◆ **Exercise aim**: Your task is to restate word for word the lines in the material below, from the one with "Its top features include air" up to and including the one with "Tough shower transfer.". Do not carry over the pictures.

◆ **Input data**:
BEGIN

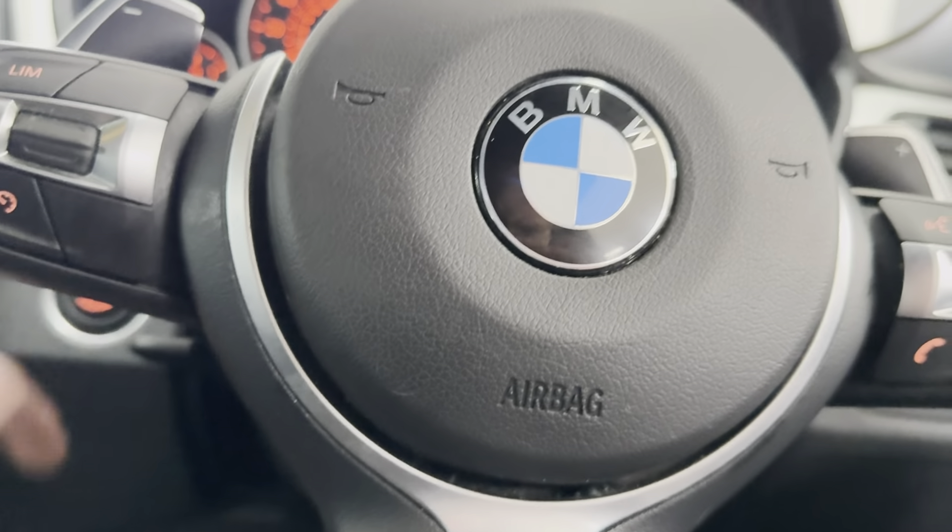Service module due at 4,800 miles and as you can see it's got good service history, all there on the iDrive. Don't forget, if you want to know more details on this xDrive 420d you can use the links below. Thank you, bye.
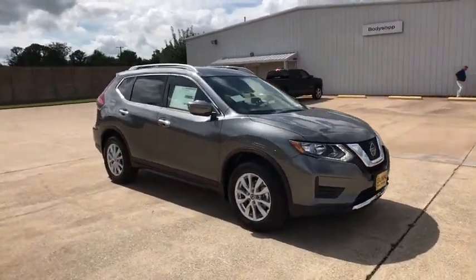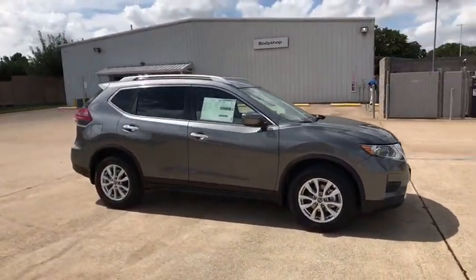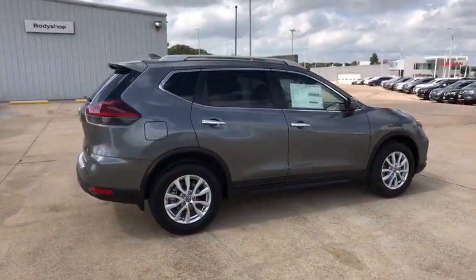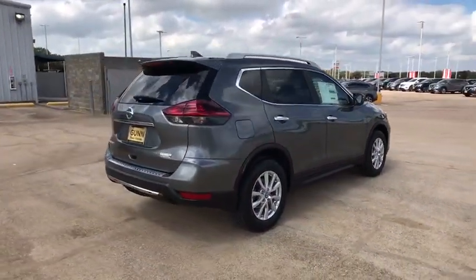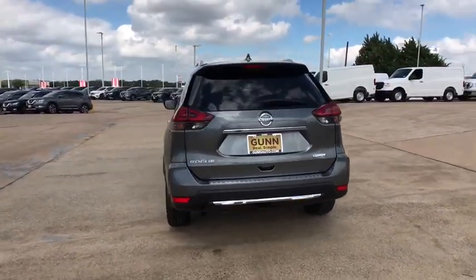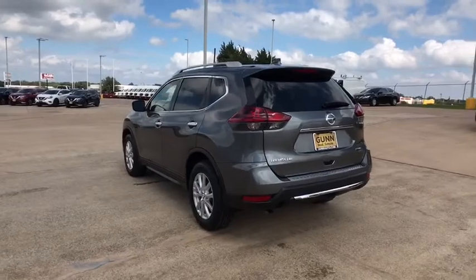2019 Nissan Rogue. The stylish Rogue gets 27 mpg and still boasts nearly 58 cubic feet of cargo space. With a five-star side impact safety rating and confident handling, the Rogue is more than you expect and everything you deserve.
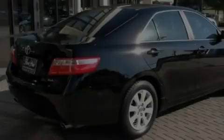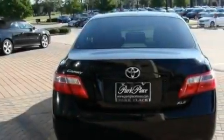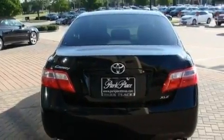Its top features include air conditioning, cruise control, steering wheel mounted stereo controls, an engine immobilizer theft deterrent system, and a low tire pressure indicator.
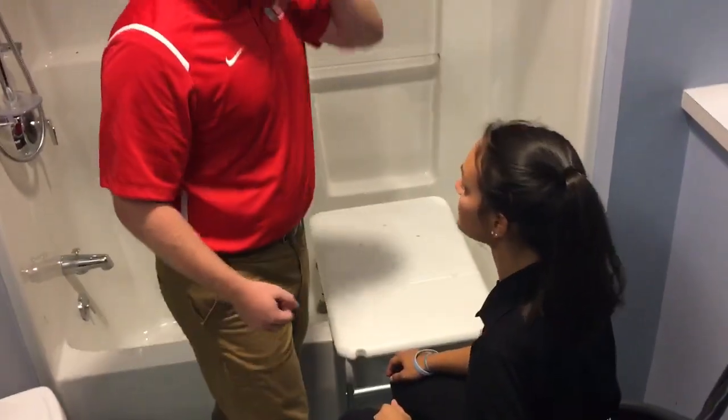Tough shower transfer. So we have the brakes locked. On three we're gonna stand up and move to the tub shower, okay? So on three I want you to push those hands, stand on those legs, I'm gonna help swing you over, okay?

END
BEGIN

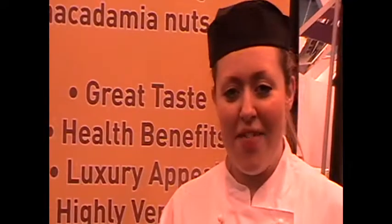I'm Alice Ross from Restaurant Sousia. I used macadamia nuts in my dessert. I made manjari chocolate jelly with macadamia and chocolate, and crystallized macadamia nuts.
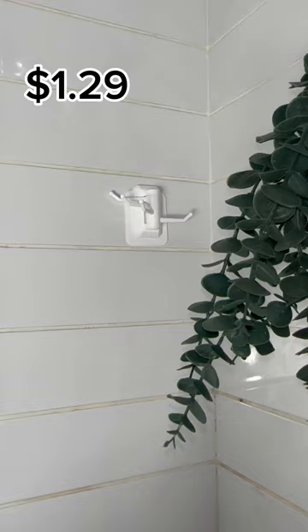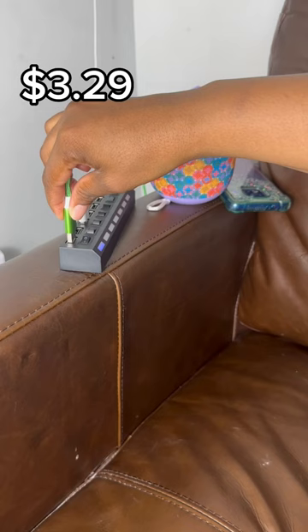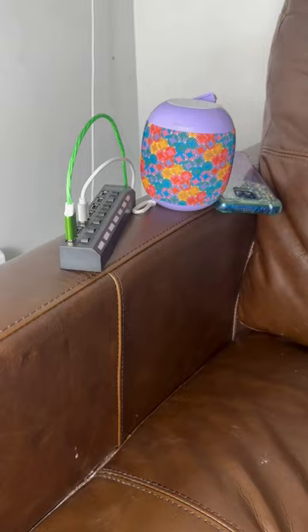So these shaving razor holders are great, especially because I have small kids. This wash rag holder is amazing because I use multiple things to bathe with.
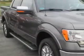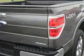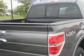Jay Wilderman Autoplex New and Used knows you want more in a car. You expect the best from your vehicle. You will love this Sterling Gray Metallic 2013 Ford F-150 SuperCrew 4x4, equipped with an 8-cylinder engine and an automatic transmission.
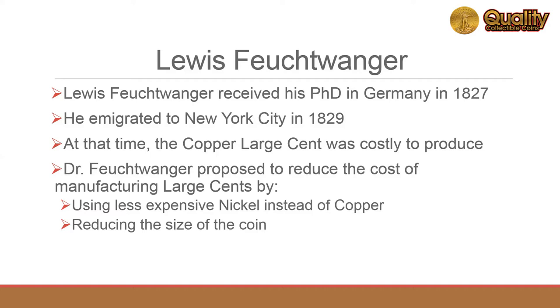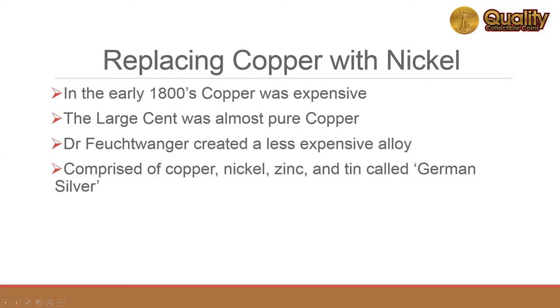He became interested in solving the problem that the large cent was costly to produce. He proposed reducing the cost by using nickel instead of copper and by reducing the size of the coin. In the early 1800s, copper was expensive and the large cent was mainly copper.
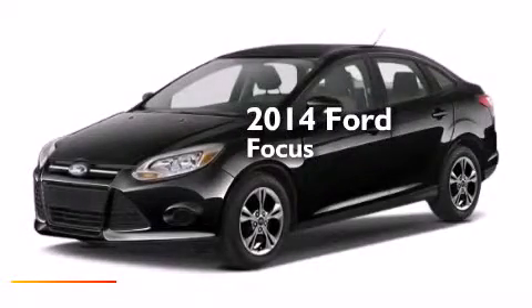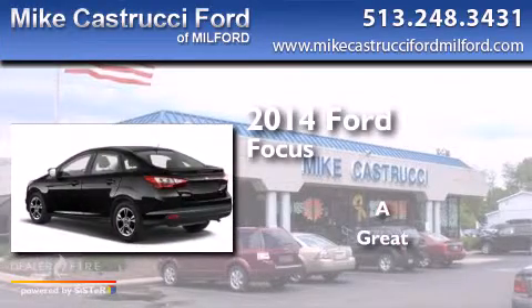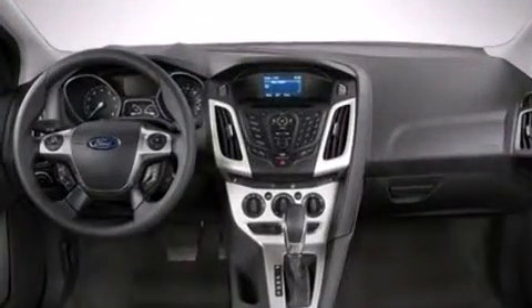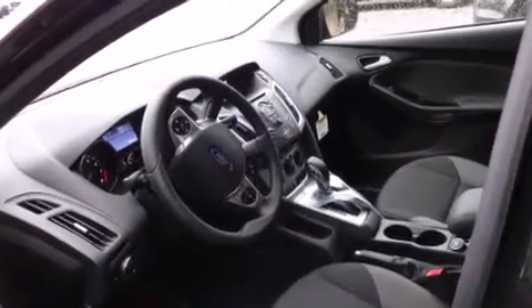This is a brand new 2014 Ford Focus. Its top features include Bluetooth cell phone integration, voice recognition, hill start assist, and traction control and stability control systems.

END

◆ **Answer**:
Its top features include air conditioning, cruise control, steering wheel mounted stereo controls, an engine immobilizer theft deterrent system, and a low tire pressure indicator.
Tough shower transfer. So we have the brakes locked. On three we're gonna stand up and move to the tub shower, okay? So on three I want you to push those hands, stand on those legs, I'm gonna help swing you over, okay?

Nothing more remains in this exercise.